For complete authenticity, even Mrs Babchenko was not informed that it was a fake hit. (Just imagine the explaining he had to do when he got home.)
Twenty-fours later, after it had become the lead story around the world, after political condemnation and Kremlin denials, Ukrainian police held a news conference to update media on the investigation. Lo and behold, to stunned gasps of the assembled throng, Arkady appeared alive and well to explain the true purpose of why they were there.
This was what we in the world of disruptive consumer PR call the classic tease and reveal. One can imagine the Ukrainian security service writing the award entry for a Cannes Lion: Headline news, 24/7 coverage, trending on Twitter, obituaries written, vigils held, Russia on the back foot in denial and Mrs Babchenko in an absolute state. Even Boris Johnson was fooled (ok, bad example).
Of course, the consequences of the stunt hadn’t been thoroughly
thought through.
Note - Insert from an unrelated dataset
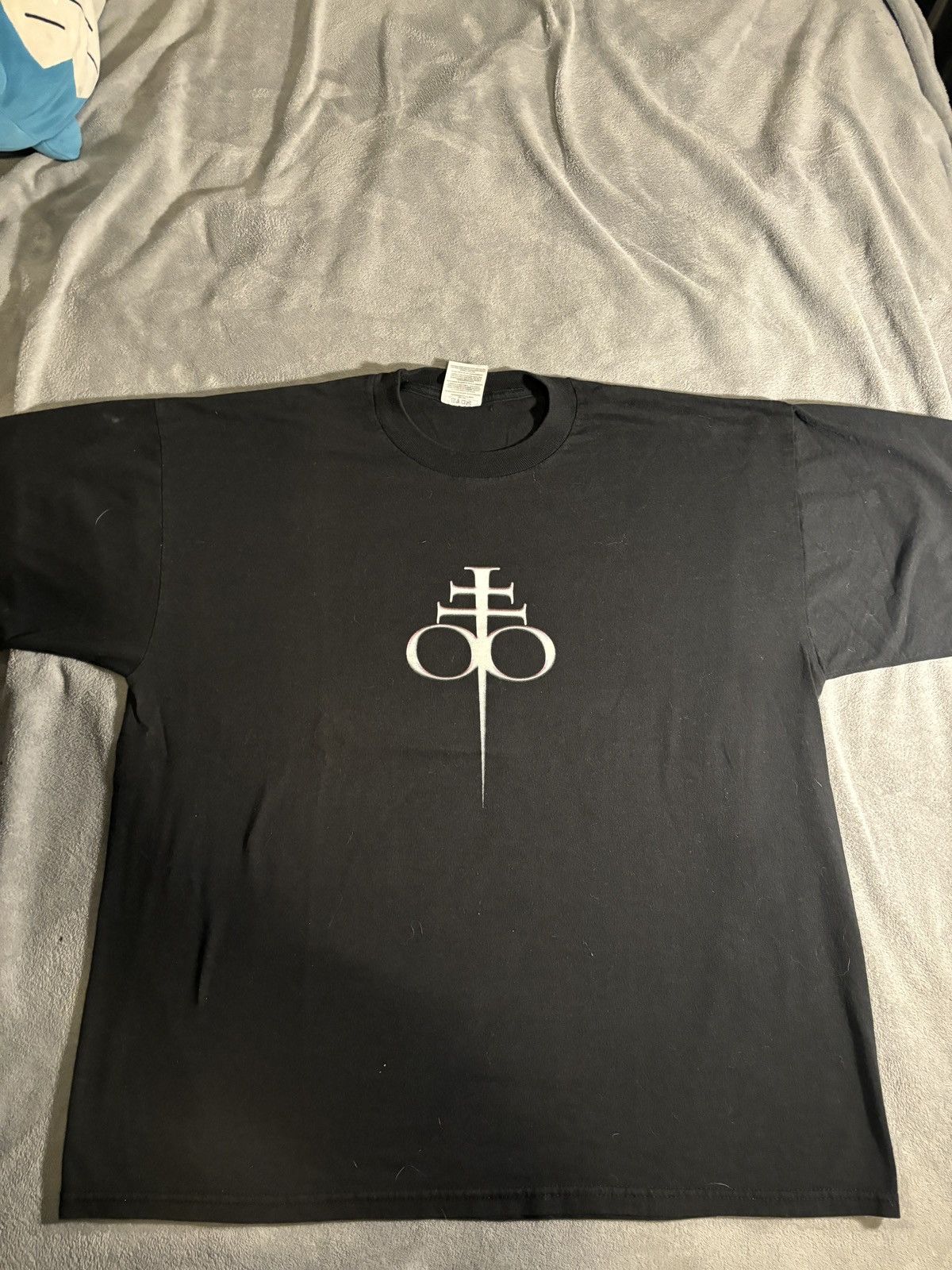 Jerzees BLOODRAYNE Official Promo T-Shirt Y2K Rare PS2 Xbox 2002 Size US XL / EU 56 / 4 - 3 Thumbnail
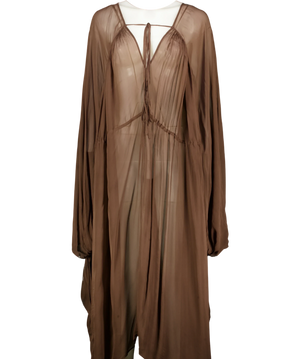 Rat & Boa Liora Dress Brown One Size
We live in an age of Trump, fake news and conspiracy
obsessed nut-jobs who attribute everything from air disasters, school
shootings and even ISIS terrorist attacks to Western governments and the
‘deep state’. Indeed, when double agent Sergei Skripal was poisoned in
Cheltenham, the Kremlin threw a smoke bomb counter claim that it had all
been staged by the British MI6.
Possibly a cultural reference that is lost on younger readers, but
one is reminded of Baldrick in the TV comedy Blackadder and his cunning
plans. ‘If the Kremlin is constantly saying that unexplained murders of
its critics are a conspiracy to discredit them, why don’t we stage an
unexplained murder as a conspiracy to discredit them?’
The reaction from politicians and media (including friends of Babchenko who had already purchased a black tie) was to be relieved and seriously pissed off. The International Federation of Journalists criticised the ‘intolerable’ stunt for ‘damaging the credibility of reported information’.
This is an idea on a post-it note that should never have made it out of the brainstorm session.